Pardon me as I fall into a brief, shallow, coma
What is it about the wrong place to fall asleep that makes a nap so irresistable? Give me a bed, a sofa, or a quiet corner, and I'm all systems go, utterly awake. Put me front row, in a small group, before an important person, and I go out like a light.
I did it twice today! First there was my morning class - the one for which special favors had to be pulled to get me in. As I blinked in and out of consciousness, I dimply saw the professor notice my semi-intruding presence for the first time. "Yes....zzzz... it is I...zzz... the girl who bumped out a paying student to.... enjoy your lecture hall's cushy seats...zzzzzzzzzzzzzzzzzzzzzz...."
Then in my afternoon class, I foolishly picked a seat directly before the professor. I remember then abstractly thinking, "hmm, it's not good to sit in the middle," but couldn't recall why. Halfway into the lecture on atmospheric entropy, I began to fade. No amount of embarassment or fear could keep me from the delicous pull of sleep. I melted, slipping from upright, pen poised, to head down, and hands slack.

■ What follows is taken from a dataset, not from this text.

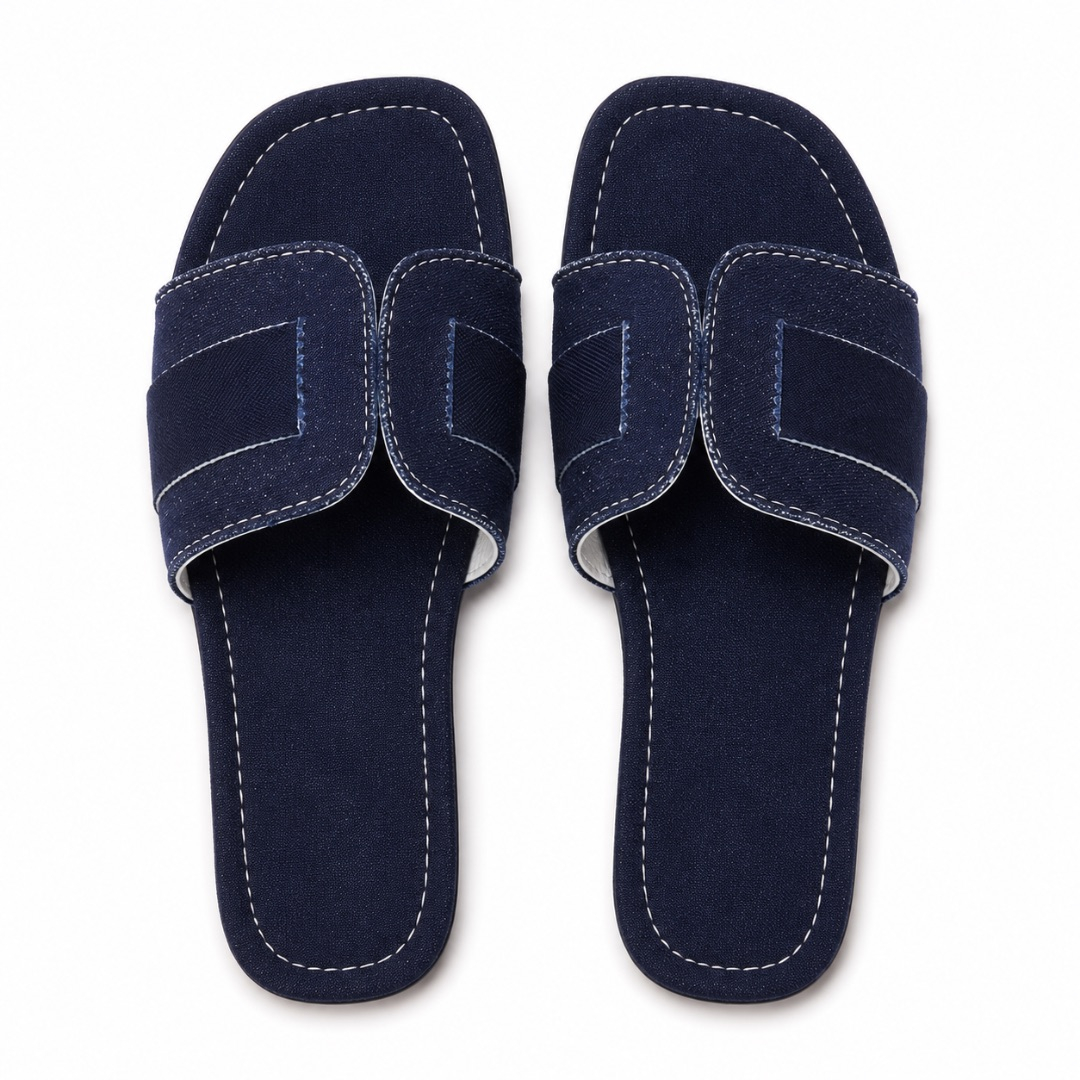 Luxury Black Denim Slide Sandals for Women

And yet once the deed is done, the urge leaves me. It's like the moment I've let everyone else know without any doubt, yes, I am asleep, I wake up. My breathing falls to that slow, deep rhythm for only a minute or so. My tired mind finally lets go of its desperate attempt to follow the lecture gives over to the insane screenplay of dreamland. Or worse, I begin to drool. Or topple over.
And just like that then I'm awake, fresh. Repentent. But guilty.
:) Leave it to me to make sleeping seem sinful.